** Opening Records block **
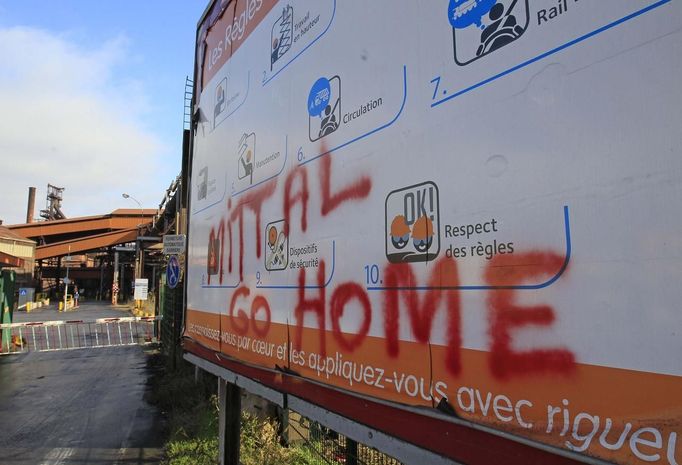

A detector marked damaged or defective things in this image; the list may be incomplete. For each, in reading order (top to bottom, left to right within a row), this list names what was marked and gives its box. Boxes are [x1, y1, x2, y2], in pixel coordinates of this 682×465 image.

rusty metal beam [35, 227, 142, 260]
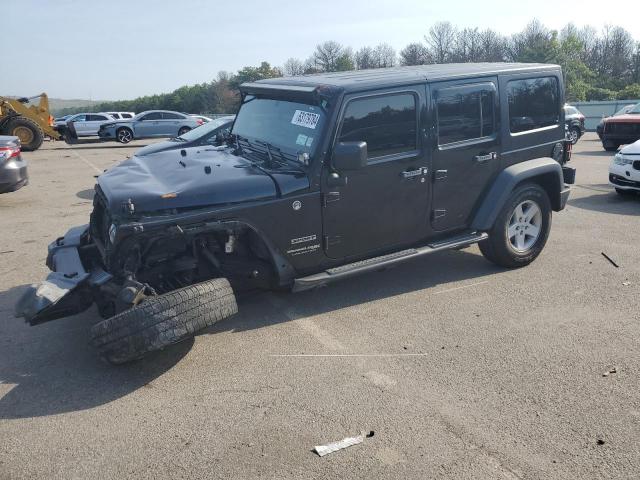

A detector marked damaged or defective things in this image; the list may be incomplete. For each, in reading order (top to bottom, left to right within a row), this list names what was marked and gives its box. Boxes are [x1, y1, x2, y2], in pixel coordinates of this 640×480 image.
** Closing Records block **
** Opening Records block **
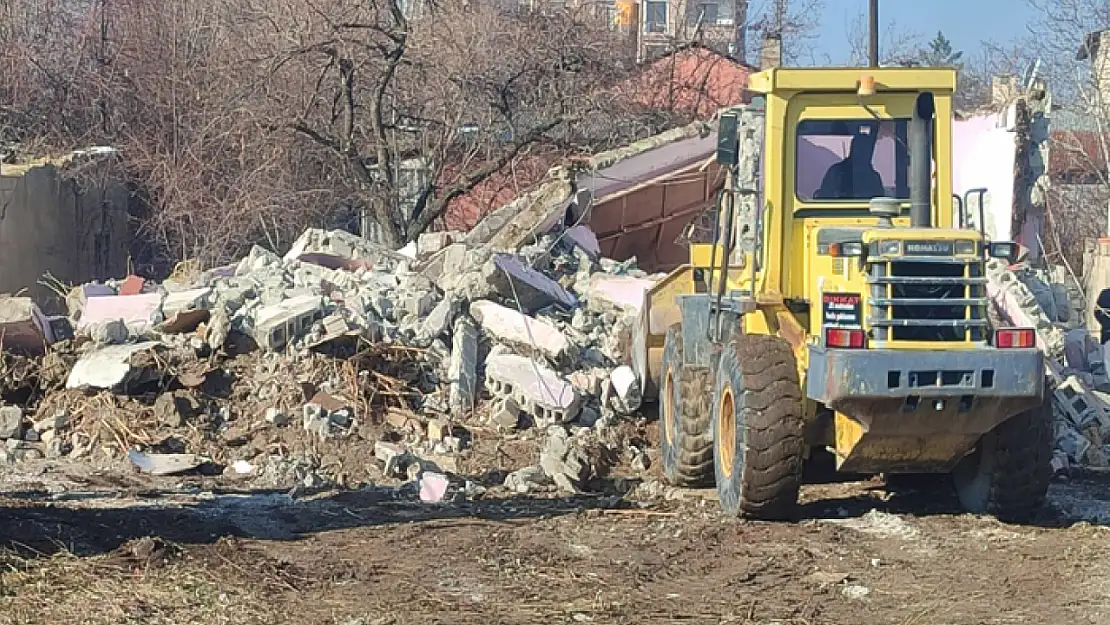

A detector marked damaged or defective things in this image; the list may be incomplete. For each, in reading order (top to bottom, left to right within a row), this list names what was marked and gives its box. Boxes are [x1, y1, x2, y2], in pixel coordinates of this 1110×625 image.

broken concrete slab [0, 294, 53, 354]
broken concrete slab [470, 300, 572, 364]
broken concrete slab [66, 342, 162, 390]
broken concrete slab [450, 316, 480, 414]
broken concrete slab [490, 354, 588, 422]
** Closing Records block **
** Opening Records block **
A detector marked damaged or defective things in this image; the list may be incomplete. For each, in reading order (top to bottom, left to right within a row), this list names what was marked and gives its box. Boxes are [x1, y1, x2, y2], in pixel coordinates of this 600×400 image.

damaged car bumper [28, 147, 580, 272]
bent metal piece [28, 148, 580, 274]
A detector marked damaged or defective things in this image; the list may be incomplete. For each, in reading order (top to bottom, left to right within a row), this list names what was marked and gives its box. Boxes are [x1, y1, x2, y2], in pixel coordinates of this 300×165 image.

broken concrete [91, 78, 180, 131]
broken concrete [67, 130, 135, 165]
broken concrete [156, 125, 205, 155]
** Closing Records block **
* About this task *
Repeat only the stretch of data above that runs from the line with "this 682×465 image." to the line with "this 640×480 image.". Keep both end lines; exclude pictures.

* Task result *
A detector marked damaged or defective things in this image; the list may be incomplete. For each, in reading order (top to bottom, left to right within a row), this list names what was marked and gives its box. Boxes are [x1, y1, x2, y2], in pixel coordinates of this 682×465 image.

rusty metal beam [35, 227, 142, 260]

A detector marked damaged or defective things in this image; the list may be incomplete. For each, in reading order (top to bottom, left to right within a row), this list names what was marked and gives its box. Boxes are [x1, y1, x2, y2], in pixel coordinates of this 640×480 image.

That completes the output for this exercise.